# [The problem]
Repeat exactly, and only, the lines from the one containing "Bavarian Amphora Shaped" through the end of the records.

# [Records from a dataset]
==*==

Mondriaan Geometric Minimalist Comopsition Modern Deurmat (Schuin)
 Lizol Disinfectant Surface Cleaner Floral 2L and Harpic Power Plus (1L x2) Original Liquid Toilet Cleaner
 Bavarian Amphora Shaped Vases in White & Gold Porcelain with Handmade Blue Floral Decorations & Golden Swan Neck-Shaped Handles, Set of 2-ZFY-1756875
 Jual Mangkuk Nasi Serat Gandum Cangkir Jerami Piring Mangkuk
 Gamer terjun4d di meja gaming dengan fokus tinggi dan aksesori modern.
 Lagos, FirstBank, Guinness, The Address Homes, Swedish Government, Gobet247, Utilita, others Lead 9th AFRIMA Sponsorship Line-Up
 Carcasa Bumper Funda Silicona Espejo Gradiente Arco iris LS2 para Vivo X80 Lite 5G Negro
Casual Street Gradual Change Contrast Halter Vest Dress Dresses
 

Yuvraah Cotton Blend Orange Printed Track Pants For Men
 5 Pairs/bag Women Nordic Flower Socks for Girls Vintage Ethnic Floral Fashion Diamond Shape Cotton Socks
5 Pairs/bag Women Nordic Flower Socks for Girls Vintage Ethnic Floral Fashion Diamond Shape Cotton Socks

==*==

# [Answer to the problem]
 Bavarian Amphora Shaped Vases in White & Gold Porcelain with Handmade Blue Floral Decorations & Golden Swan Neck-Shaped Handles, Set of 2-ZFY-1756875
 Jual Mangkuk Nasi Serat Gandum Cangkir Jerami Piring Mangkuk
 Gamer terjun4d di meja gaming dengan fokus tinggi dan aksesori modern.
 Lagos, FirstBank, Guinness, The Address Homes, Swedish Government, Gobet247, Utilita, others Lead 9th AFRIMA Sponsorship Line-Up
 Carcasa Bumper Funda Silicona Espejo Gradiente Arco iris LS2 para Vivo X80 Lite 5G Negro
Casual Street Gradual Change Contrast Halter Vest Dress Dresses
 

Yuvraah Cotton Blend Orange Printed Track Pants For Men
 5 Pairs/bag Women Nordic Flower Socks for Girls Vintage Ethnic Floral Fashion Diamond Shape Cotton Socks
5 Pairs/bag Women Nordic Flower Socks for Girls Vintage Ethnic Floral Fashion Diamond Shape Cotton Socks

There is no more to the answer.